Pasé junto a mi dicha y la pisoteé
sin conocerla.
(NO ME ACUERDO QUIÉN.) Estrellita que te escondiste
tras las nubes de mi fatuidad,
en mi lóbrega noche sin alba,
¿nunca volverás a brillar? Gota de agua que resbalaste
sobre mi pecho de pedernal,
mis labios resecos de angustia,
¿te negarás a refrescar? Báculo fuerte que en el camino
arrojó lejos mi vanidad,
mis torpes e inciertas pisadas,
no más sostén en ti hallarán? Hoguera que en hora nefasta
apagó mi locura brutal,
la tristeza polar de mis días
no tornarás a calentar? Laúd cuyas cuerdas de plata
rompió una a una mi liviandad,
tus notas dulces mis oídos
¿jamás de nuevo alegrarán? Nardo de aroma delicado
que holló mi tonta ceguedad,
mis grises minutos vulgares
no volverás a perfumar? Hiedra que agostó el granizo
de mi incomprensión contumaz
al tronco rugoso y sombrío
¿ya tu verdor no adornará? Ósculos suaves, frases pueriles,
que desdeñó mi necedad,
vuestra ternura a mi dureza
nunca otra vez regalará? Carne que a mi impulso másculo
tan dócilmente sabía vibrar,
bajo el estímulo de mis besos
jamás tornarás a temblar? Tú estabas dentro y no te veía,
oculta por mi veleidad.
Llovió una noche y se vino a tierra
la torre de mi fatuidad.Pero surgiste hecha pedazos,
sin fe, esperanza… ¿y caridad?
Por mi ceguera y mi estulticia,
¿lo que ya fue, no será más?

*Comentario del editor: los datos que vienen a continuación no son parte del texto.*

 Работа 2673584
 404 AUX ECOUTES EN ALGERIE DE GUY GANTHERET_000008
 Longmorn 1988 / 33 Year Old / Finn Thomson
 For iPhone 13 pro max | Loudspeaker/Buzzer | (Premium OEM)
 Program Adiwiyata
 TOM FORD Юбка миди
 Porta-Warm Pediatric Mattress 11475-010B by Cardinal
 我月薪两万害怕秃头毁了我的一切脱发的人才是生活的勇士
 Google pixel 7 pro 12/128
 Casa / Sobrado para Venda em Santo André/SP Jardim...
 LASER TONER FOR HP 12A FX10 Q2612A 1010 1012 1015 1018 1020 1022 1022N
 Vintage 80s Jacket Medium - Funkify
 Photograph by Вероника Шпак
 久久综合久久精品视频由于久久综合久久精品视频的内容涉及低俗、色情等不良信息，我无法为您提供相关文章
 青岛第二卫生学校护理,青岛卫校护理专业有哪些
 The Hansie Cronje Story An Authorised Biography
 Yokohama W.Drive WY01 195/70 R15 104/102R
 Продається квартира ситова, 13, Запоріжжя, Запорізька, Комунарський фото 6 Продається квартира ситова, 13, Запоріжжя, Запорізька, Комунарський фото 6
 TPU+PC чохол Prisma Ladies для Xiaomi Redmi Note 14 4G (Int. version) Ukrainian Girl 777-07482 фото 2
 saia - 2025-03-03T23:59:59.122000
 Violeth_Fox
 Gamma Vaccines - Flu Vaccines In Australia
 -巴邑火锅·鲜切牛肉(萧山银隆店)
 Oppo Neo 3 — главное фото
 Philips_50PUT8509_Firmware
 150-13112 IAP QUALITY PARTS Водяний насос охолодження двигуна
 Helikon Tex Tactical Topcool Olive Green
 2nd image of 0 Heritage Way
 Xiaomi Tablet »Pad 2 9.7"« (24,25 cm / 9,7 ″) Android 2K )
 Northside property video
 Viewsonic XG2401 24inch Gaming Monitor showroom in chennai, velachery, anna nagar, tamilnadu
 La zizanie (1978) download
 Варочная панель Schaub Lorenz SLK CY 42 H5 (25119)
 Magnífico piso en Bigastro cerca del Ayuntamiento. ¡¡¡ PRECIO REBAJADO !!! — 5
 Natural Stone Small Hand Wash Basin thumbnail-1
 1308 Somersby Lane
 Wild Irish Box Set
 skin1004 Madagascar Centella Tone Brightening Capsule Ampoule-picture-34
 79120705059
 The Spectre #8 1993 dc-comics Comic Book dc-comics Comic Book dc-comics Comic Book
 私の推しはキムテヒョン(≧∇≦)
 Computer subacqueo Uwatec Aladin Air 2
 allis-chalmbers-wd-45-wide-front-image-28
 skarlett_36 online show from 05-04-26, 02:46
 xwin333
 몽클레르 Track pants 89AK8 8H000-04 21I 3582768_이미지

Y para mí… incertidumbre; tiniebla
sed, frío, mudez, soledad
¡Mi vida por un solo beso,
o por una puerilidad! Y para mí… la noche sin alba,
y dando tumbos, andar, andar..
con un trozo de hielo en el pecho
que… ¿más nunca se derretirá?

Proclama

(Fragmento)

Soy de la estirpe de los hombres puentes;
y justifico la obsesión del ayer, que me retiene preso,
con la preocupación, pueril y remota,
del pasado mañana, que a nadie le importa;
soy capaz del absurdo de todos los oscuros sacrificios,
sin la convicción del profeta, del apóstol o de sus discípulos. Quise en mi tiempo romper unos cuantos eslabones,
y me expresé en mi tiempo con palabras distintas,.
y fui precursor en mi tiempo de lo que era diferente y contrario de ayer.
Hoy estoy solo, absolutamente solo,
y no soy de mañana ni de ayer.
Pero los de ayer me consideran de mañana
y los de mañana me consideran un hombre de ayer.
Mas no me yergo altivo y arrogante,
cual pétreo monolito en medio del desierto,
y sé quién soy, y lo que soy, he sido y seré,
y lo que se me debe y lo que hice y lo que todavía puedo hacer.
Y sé que en mi tiempo di golpes de mandarria para quebrar cadenas,
y que si no pude romperlas fue porque no podía ser.
Y que si otros vinieron detrás y las rompieron,
algo menos duras las encontraron por los golpes
con que no las pude romper.
Yo he cantado las congojas del hombre que no puede ser
de mañana
y no quiere seguir siendo de ayer:
angustias que a nadie interesan, mas que experimentan
cuantos, como yo, no son de mañana ni de ayer,
y que están retratados en mis cantos,
con sus debilidades, sus dudas, sus anhelos
y los frenos que no saben o no se atreven a romper.

¿Ya?

(Fragmento)

Senibus mors est in janua.
( SAN BERNARDO)

¿Estoy al guardar el carro? ¿Ya?
¡Qué pena no seguir sabiendo lo que pasa
acá y allá! ¡Qué angustia! ¡Qué tristeza!
¡No poder hacer nada por los que atrás se quedan!
¡Ignorar qué será de los que aquí se quedan!
Hurtarse con el canto brutal del manisero
a la responsabilidad, amarga y grata,
de la aburrida monotonía cotidiana.
Pero, ¿tan pronto? ¿Ya? ¡Qué impertinencia!
«¡No!» –como dije otrora–. «!Yo no quiero!»
Todavía no quiero gozar del privilegio
de que habla Gregorio Nacianceno:
el olvido, el silencio.
Mas, ¿qué se le ha de hacer? No hay más remedio.